ABOUT THIS EXERCISE =>
Check the records below line by line, and report how many lines include the string "History". No other words are needed.

--*--

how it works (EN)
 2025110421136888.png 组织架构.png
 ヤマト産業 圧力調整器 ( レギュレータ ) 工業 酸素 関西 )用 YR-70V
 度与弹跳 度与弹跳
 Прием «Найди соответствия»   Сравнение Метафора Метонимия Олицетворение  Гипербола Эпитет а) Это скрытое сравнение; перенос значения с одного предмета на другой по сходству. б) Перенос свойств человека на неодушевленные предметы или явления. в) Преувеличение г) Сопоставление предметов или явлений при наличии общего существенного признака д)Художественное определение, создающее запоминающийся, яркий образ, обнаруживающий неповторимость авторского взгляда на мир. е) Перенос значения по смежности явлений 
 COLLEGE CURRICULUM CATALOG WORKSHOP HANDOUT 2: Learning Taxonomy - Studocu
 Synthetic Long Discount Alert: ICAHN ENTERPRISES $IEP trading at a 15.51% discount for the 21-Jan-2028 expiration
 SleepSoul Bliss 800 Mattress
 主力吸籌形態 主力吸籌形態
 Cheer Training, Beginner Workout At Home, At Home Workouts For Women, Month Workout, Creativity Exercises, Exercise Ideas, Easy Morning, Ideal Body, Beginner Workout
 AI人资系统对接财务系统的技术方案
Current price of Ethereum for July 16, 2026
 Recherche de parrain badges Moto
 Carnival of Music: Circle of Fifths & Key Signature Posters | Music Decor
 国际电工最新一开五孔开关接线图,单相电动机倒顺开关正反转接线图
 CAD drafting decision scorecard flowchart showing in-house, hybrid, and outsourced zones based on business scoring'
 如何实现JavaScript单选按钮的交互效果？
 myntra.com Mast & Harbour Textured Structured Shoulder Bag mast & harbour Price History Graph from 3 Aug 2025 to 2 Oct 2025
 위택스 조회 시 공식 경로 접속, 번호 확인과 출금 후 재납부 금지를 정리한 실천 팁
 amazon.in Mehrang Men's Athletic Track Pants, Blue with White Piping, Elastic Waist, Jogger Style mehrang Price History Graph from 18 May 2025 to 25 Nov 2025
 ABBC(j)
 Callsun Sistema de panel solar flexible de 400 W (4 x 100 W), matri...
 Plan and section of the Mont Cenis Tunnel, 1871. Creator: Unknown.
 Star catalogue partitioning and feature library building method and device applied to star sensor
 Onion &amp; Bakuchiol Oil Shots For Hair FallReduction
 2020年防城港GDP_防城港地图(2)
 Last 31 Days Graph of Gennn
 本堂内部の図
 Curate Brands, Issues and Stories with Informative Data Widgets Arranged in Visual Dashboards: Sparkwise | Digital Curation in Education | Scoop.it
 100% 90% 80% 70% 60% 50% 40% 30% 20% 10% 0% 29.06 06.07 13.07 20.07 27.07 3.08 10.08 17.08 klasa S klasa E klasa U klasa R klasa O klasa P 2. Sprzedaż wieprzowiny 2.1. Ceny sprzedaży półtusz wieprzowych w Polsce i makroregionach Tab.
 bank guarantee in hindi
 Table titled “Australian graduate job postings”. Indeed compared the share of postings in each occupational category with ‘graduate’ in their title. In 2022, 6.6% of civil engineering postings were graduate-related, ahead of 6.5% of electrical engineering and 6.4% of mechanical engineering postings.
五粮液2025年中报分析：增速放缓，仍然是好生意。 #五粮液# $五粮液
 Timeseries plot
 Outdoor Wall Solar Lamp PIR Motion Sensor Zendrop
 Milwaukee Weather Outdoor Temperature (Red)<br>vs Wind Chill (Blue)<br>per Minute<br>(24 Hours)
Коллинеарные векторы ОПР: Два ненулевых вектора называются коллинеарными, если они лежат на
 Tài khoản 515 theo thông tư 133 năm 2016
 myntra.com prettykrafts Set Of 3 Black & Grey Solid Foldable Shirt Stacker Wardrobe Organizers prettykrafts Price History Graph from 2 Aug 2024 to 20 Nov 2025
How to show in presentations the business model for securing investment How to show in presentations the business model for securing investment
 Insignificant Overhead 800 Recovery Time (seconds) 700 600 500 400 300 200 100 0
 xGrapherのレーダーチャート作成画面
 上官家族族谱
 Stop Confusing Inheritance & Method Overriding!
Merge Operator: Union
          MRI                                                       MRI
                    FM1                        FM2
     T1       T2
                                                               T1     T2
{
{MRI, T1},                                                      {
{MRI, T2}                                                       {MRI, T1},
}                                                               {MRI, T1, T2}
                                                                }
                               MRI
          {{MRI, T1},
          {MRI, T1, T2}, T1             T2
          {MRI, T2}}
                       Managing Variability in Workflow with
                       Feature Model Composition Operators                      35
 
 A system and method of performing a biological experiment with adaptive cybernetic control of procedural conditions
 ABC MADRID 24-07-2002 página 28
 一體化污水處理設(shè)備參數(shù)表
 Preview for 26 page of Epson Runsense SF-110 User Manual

--*--

ANSWER =>
3